This is one of George MacDonald’s later books, the story of a young, leisured man who discovers a world within (or beyond?) his own where he is challenged to “die indeed” by a raven who seems to be the first man, Adam. Plunged into a fantastical world of little children living at peace with their beasts in the forest, giants, dueling skeletons, and an evil princess attended by leopards who terrorize the land, the hero must face not only the terrors, but his own capacity to act, choose, and love. A MacDonald fairy tale is a world of spiritual realities made flesh. Not direct allegory, nor yet mere fantasy, Lilith is a journey into the regions of the soul, into grace, sin, suffering, and the fresh-sprung waters that come when we learn to lay down what keeps us from dying in order to live.
The Book of the Dun Cow
By Walter Wangerin
This story took me by surprise. Here is an opening from Wangerin’s site: “At a time when the sun turned around the earth and animals could speak, Chauntecleer the Rooster ruled over a more or less peaceable kingdom. What the animals did not know was that they were Keepers of the Wyrm, monster of Evil long imprisoned beneath the earth. And Wyrm, sub terra, was breaking free…” I didn’t expect to be engrossed by a farmyard fable, or moved by the story of a slightly arrogant rooster who must learn to protect his people from evil, but I found this to be a powerful tale of humble, workaday hearts encountering evil and resisting its dominance. Fascinating. Excellent for discussion.
The Man Who Was Thursday
By G.K. Chesterton
This was the most discussed book of my teenage years. Several friends and I had an ongoing discussion regarding Chesterton’s topsy turvy, vivid, confusing story of a Gabriel Syme, a brave man plumbing the depths of an anarchist society and its dire plots in Victorian London. But all is not as it seems. For in a rollicking tale of pursuit and disguise with anarchist agents named after the days of the week, Syme finds he may not be hunting what he thinks he is after all. Not exactly allegory or fantasy, yet with the fantastical, symbolic elements of both, this dream, or “nightmare” (as Chesterton dubbed it) explores the confusing nature of a world so beautiful at times we cannot believe that evil is real, and so evil at others that we cannot believe that beauty will ever endure. Fascinating stuff.

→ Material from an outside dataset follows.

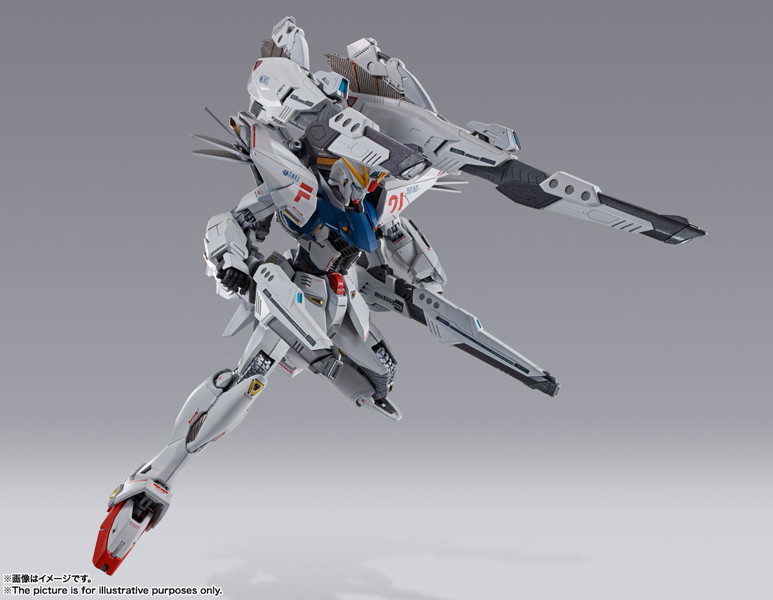 METAL BUILD 機動戦士ガンダムF91 ガンダムF91 CHRONICLE WHITE Ver.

“Listen to me,” cried Syme with extraordinary emphasis. “Shall I tell you the secret of the whole world? It is that we have only known the back of the world. We see everything from behind, and it looks brutal. That is not a tree, but the back of a tree. That is not a cloud, but the back of a cloud. Cannot you see that everything is stooping and hiding a face? If we could only get round in front -”
The Pilgrim's Regress
By C.S. Lewis
Written soon after his conversion to Christianity, this is C.S. Lewis’ allegorical tale of his search through all the philosophical systems and world views for the beauty and home he glimpsed in his moments of “Joy.” In this story, a sturdy young pilgrim named John embarks on a quest through lands such as “Puritania,” “Zeitgeistheim,” and “Dialectica,” in search of the island of his desire, an image he has encountered in vision, the place where he will find the joy he seeks. He is guided on his way by various characters like Mr. Enlightenment, Mr Sensible, Drudge, Vertue, and Mother Kirk. The philosophical ideals behind each allegorical character are quite clear, but Lewis, in his usual flare and wit, dresses them up and sets them in a story that is at once a philosophical adventure and a lively quest story.